Administrative Fix for Canceled Exchange Plans Could Raise Rates
The Obama administration's administrative fix for plans that were set to be canceled under the Affordable Care Act is expected to drive up premiums in states that implemented the proposed solution, Politico reports (Norman, Politico, 8/13).
Background
In November 2013, Obama announced a plan that would allow insurers in 2014 to continue selling insurance plans even if they do not meet the law's requirements.
Under the fix, insurers are allowed to continue selling such health policies, but they are required to inform consumers that more comprehensive coverage options might be available in the ACA's insurance exchanges. Insurers also have to list the benefits that affected consumers would be going without if they choose to keep their current policies (California Healthline, 3/6).
In March, the administration extended the fix for two years, allowing consumers to renew such plans until 2016, with coverage lasting in some cases until September 2017 (California Healthline, 3/7).
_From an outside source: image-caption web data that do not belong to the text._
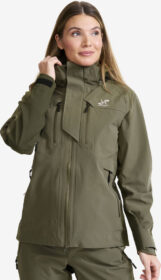 RevolutionRace > Takit > Sade- Ja Kuoritakit – Vihreä – Aries Pro 3L Shell Jacket Naiset Grape Leaf/Forest Night, Koko:XL
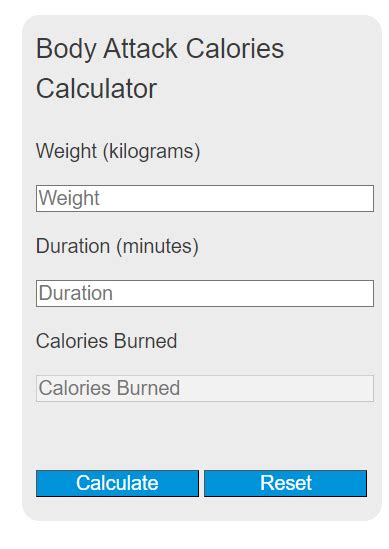 Body Attack Calories Calculator - Calculator Academy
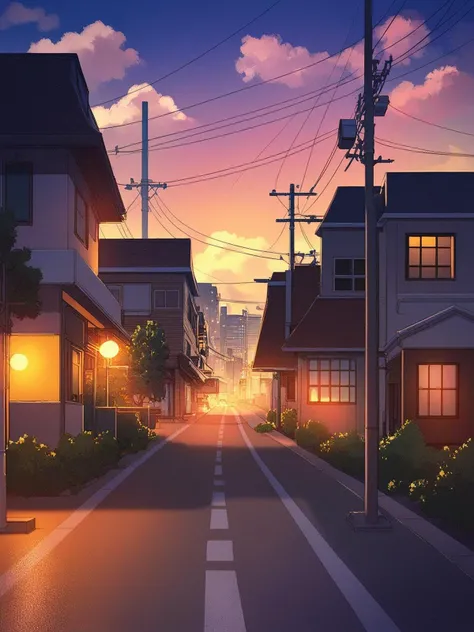score_9,score_8,score_7,score_8_up,score_7_up,score_6_up, anime building in the middle of a city at night with street lights and power lines on either side, outdoors, sky, cloud, no humans, window, night, building, scenery, sunset, sign, road, house, power lines, lamppost, street, twilight, utility pole, evening, purple sky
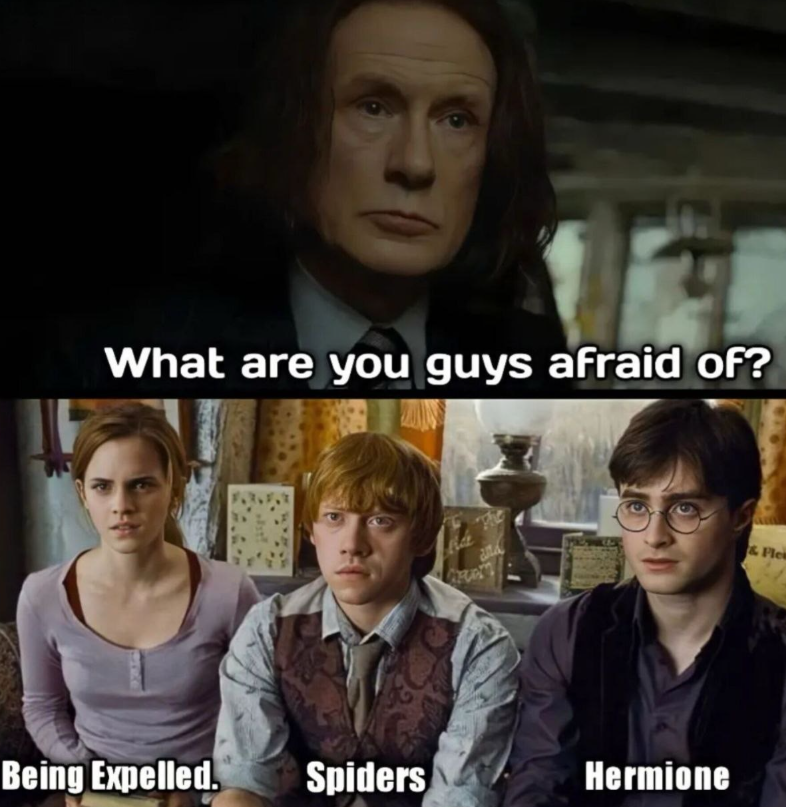 What are you guys afraid of? لمان Being Expelled. Spiders Hermione & Fle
More Than Half of States Participate
Thirty-five states implemented the fix in 2014 and about half of all states will allow consumers to keep plans that do not meet the ACA's minimum standards in 2015, according to America's Health Insurance Plans (Politico, 8/13).
California Insurance Commissioner Dave Jones (D) urged Covered California to implement Obama's proposal.
However, Covered California's board unanimously decided not to allow insurers to continue selling policies that do not meet the ACA's minimum coverage requirements.
California law states that after Jan. 1, 2014, insurance policies that are noncompliant under ACA standards cannot be sold or renewed (California Healthline, 3/7).
Fix Affecting Risk Pools, Insurance Rates
According to Politico, insurers have said that the administrative policy led to fewer young, healthy people enrolling in the exchanges in some states than they expected when they initially set premiums. As a result, many insurers are increasing their proposed premiums for the upcoming open enrollment period.
According to Politico, states that have implemented the fix -- including Florida, Iowa and North Carolina -- are facing proposed rate increases of 11% to 18% for next year, above the current average of 7.5% calculated by analysts at the PricewaterhouseCoopers' Health Research Institute.
Cliff Gold -- chief operating officer of Iowa-based not-for-profit insurer CoOportunity Health -- said his company is asking for about twice as big of a premium increase for 2015 than it would have without the administrative fix. He added that in areas where many consumers have kept their old plans, it has "brought bad risk onto the exchange."
Blue Cross and Blue Shield of North Carolina Vice President of Health Policy Barbara Morales Burke said the fix would "definitely" increase the insurer's 2015 rates. She added, "It's a one-time adjustment for what we didn't assume and couldn't have assumed last year before we knew transitional plans were going to be a possibility" (Politico, 8/13).
Joel Ario -- managing director of Manatt Health Solutions and former director of exchanges at HHS -- said, "It really is a state-by-state story. The more transitional policies that are not part of the risk pool yet, the more upward pressure there is on premiums" (Rogers, Washington Times, 8/13).